It’s Easter. Unlike other holidays, I don’t have a set thing I do every Easter, although chocolate is the one constant theme.
I have good memories of Easters past: the sunrise service on North Carolina’s Outer Banks on a camping trip when I was 10, my dad dragging me out onto some sand dunes; another sunrise service at the Stanford University “dish” in graduate school: we followed Pastor Herb up and down some hills on a hiking trail while he was carrying a rather large cross, and when we got there, we sang “My Lord What a Morning.” There was the year of the $2 bill in a chocolate egg and the lavender-colored dress with lace that my mother made for me to wear to church.
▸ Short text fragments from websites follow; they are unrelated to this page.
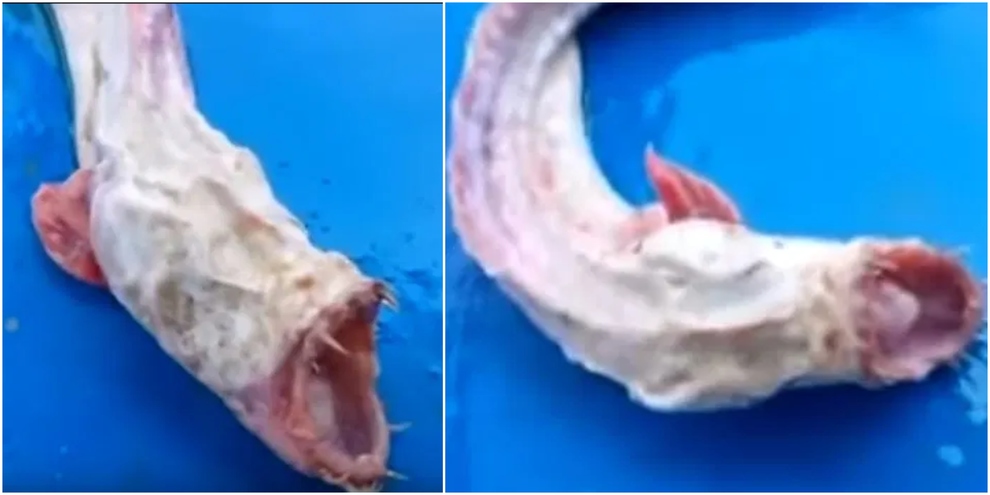 Peshku i çuditshëm, me dhëmbë të mprehtë dhe gojë të madhe (VIDEO)
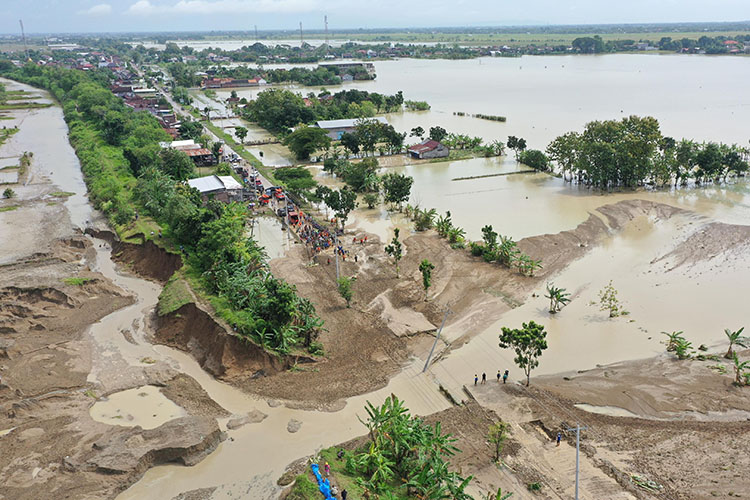 Ribuan Hektare Sawah di Grobogan Terendam Banjir,  Pemprov Jateng Dampingi Klaim Asuransi Gagal Panen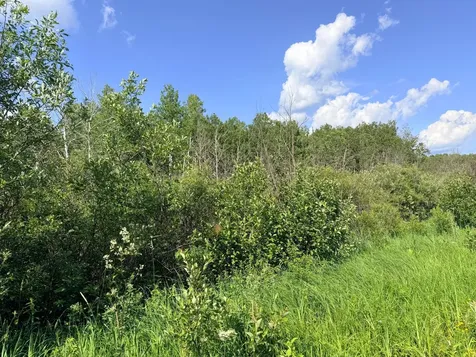 12XXX Butterfield Road Hibbing MN 55746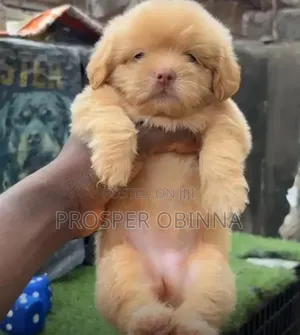 1-3 months Male Purebred Lhasa Apso
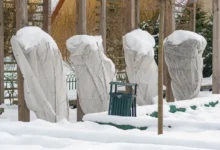 Photo of Сохрани елку, сосну и тую. 4 шага, которые делаем с наступлением холодов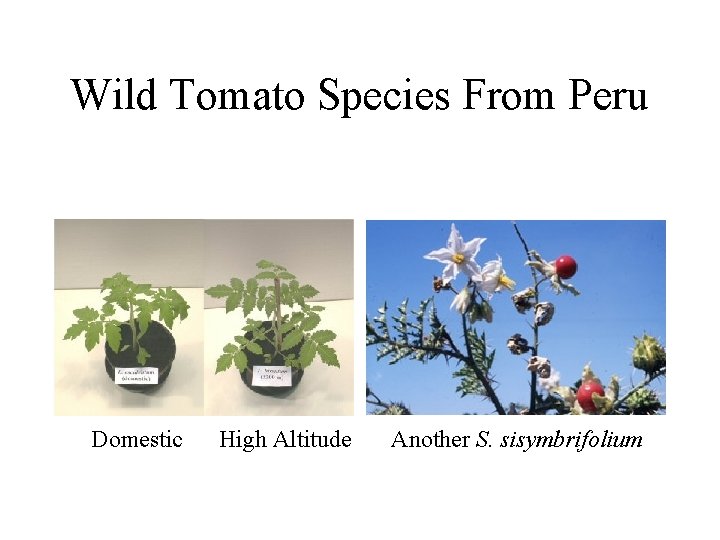 Wild Tomato Species From Peru Domestic High Altitude Another S. sisymbrifolium 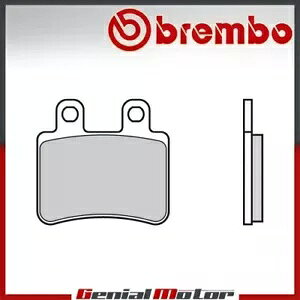 Scorpa T-RIDE 250 2008 - 2010- �p���A Brembo CC �u���[�L���C�j���O Rear Brembo CC brake lining for Scorpa T-RIDE 250 2008 - 2010- �y���s�A���i�z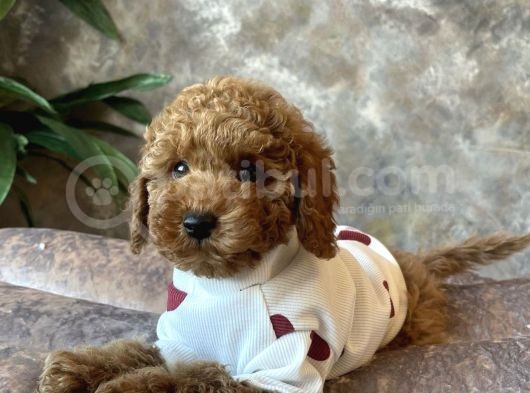 Sevi̇mli̇ Safkan Kore Poodle Yavrulari görsel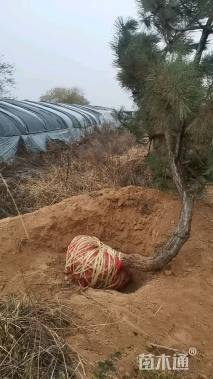 高度200厘米黑松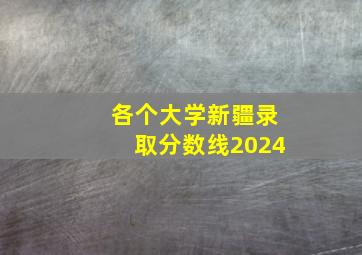 各个大学新疆录取分数线2024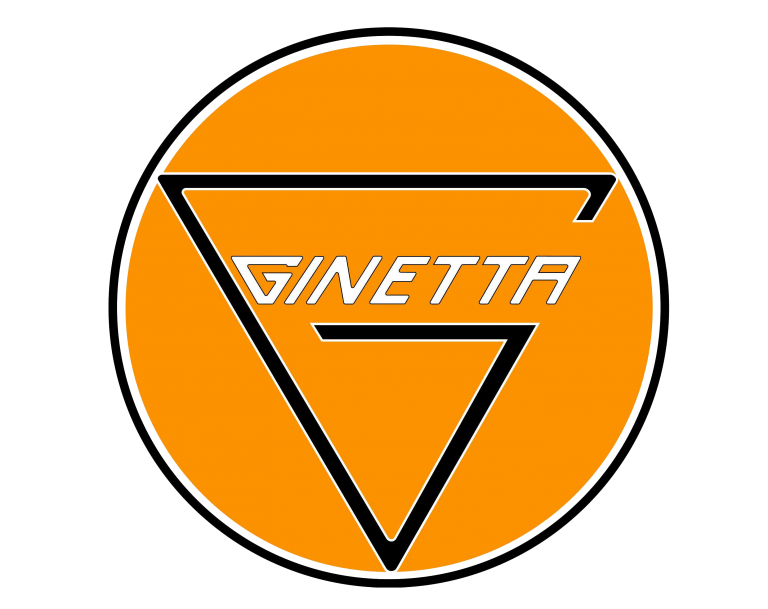 Блок управления для GINETTA: купить по лучшим ценам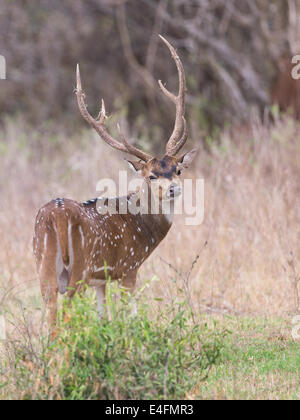 Maschio di cervo maculato con grandi corna a Yala National Park nello Sri Lanka Foto Stock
There was the year when I was 11 that I won a big chocolate bunny in an Easter Egg hunt on the golf course of our new housing development, and was so taken with the fact that I had won something that I could never bring myself to eat it.
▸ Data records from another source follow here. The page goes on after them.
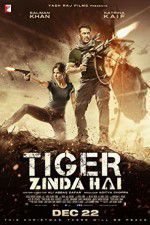 Watch Tiger Zinda Hai Megavideo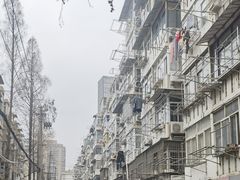 -陶记正宗德州扒鸡(科巷店)
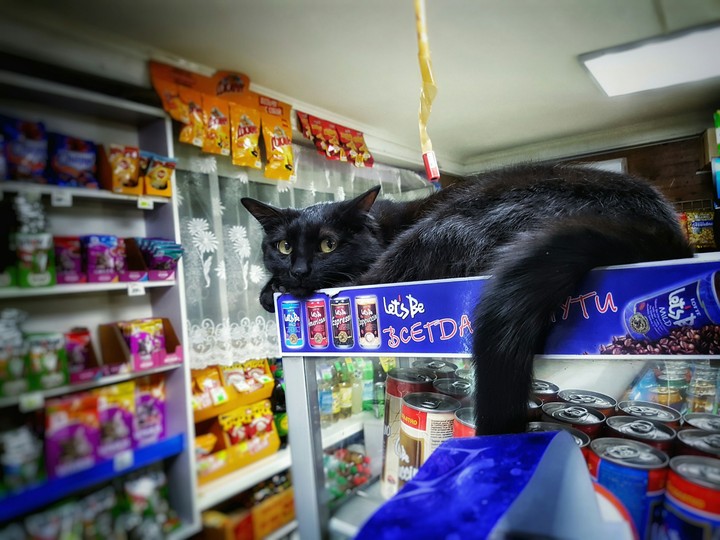cat
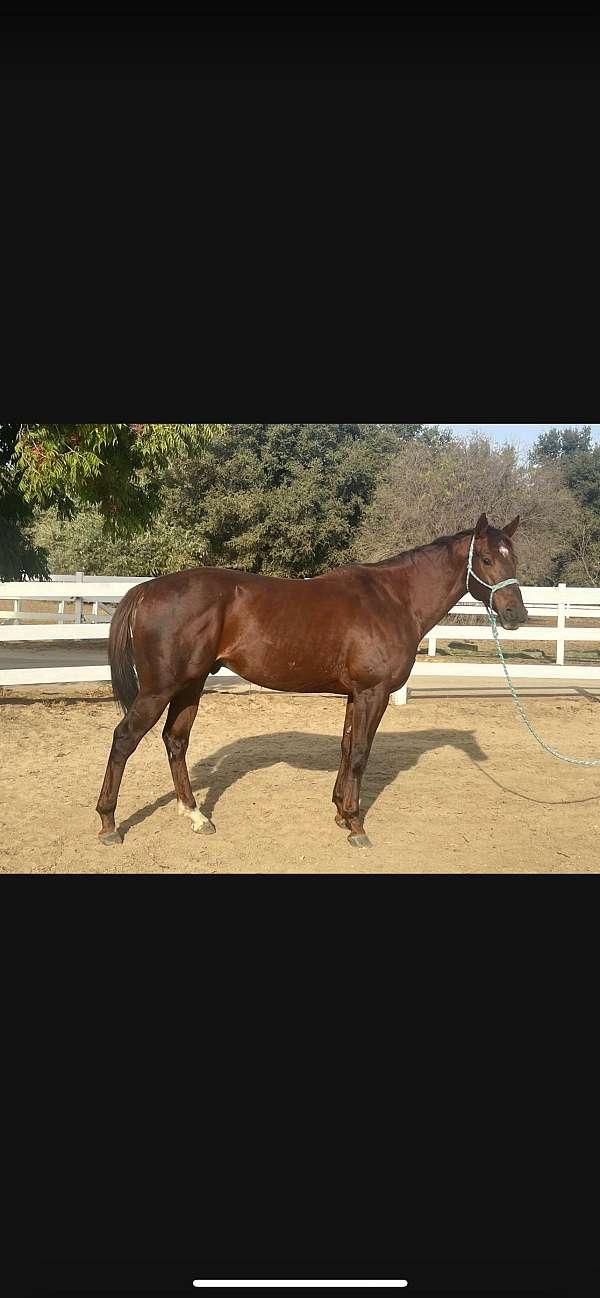 liver-chestnut-star-white-hind-sock-horse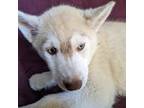 Siberian Husky Puppy for sale in Antrim, NH, USA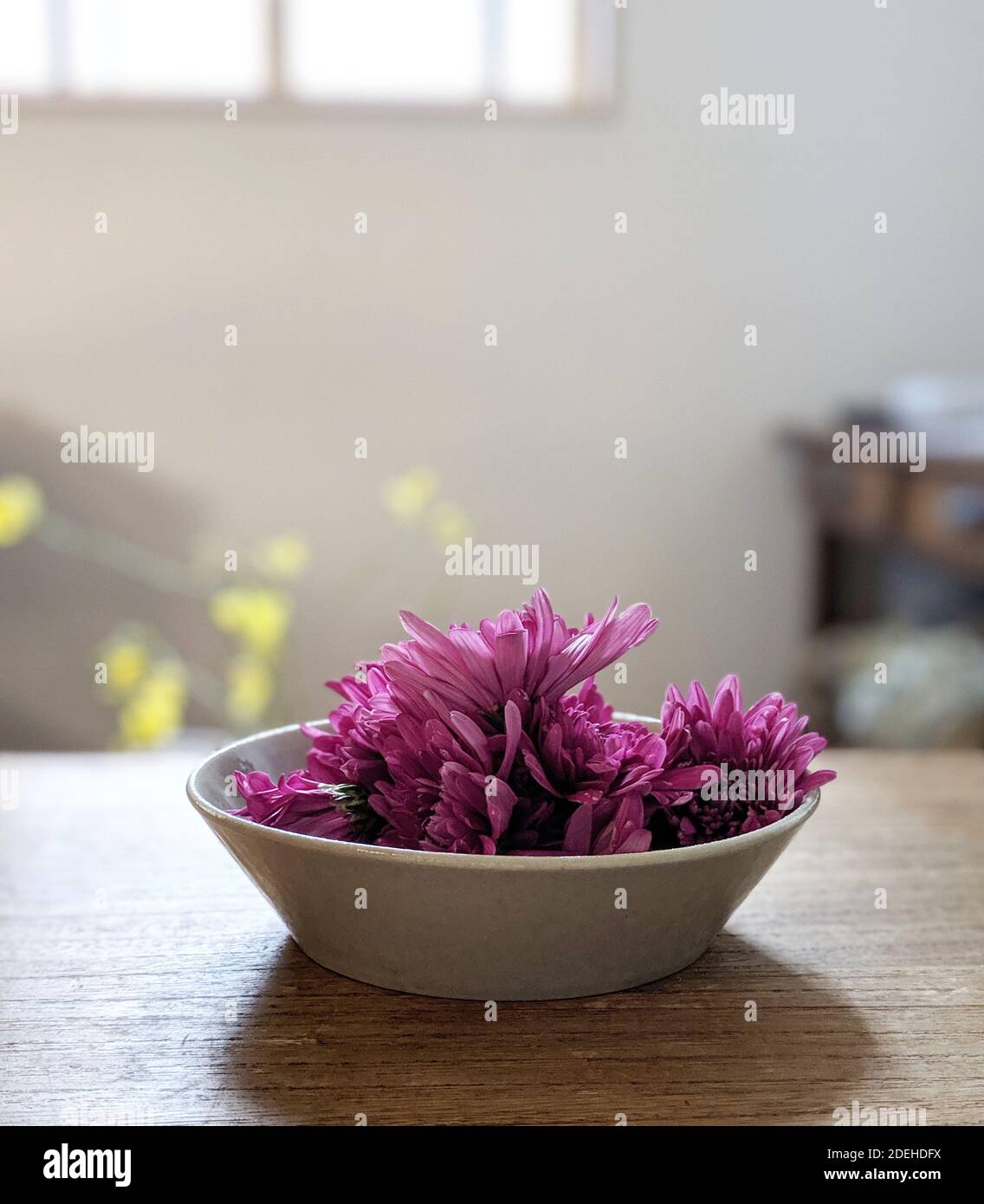 Mottenohoka (Japanese Edible Chrysanthemum Stock Photo Alamy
There was the Easter I celebrated while on tour with the Greater Buffalo Youth Orchestra over spring break, and a couple of Easters as an adult spent getting on or off cruise ships, hurriedly stuffing the chocolate bunnies into luggage. My husband and I have made a small Easter tradition for our own kids: we hide plastic eggs with chocolate in them, but the clues are in German. It’s a little like a multicache and a puzzle cache, all in one. And my husband and I actually got a couple of real FTFs this morning.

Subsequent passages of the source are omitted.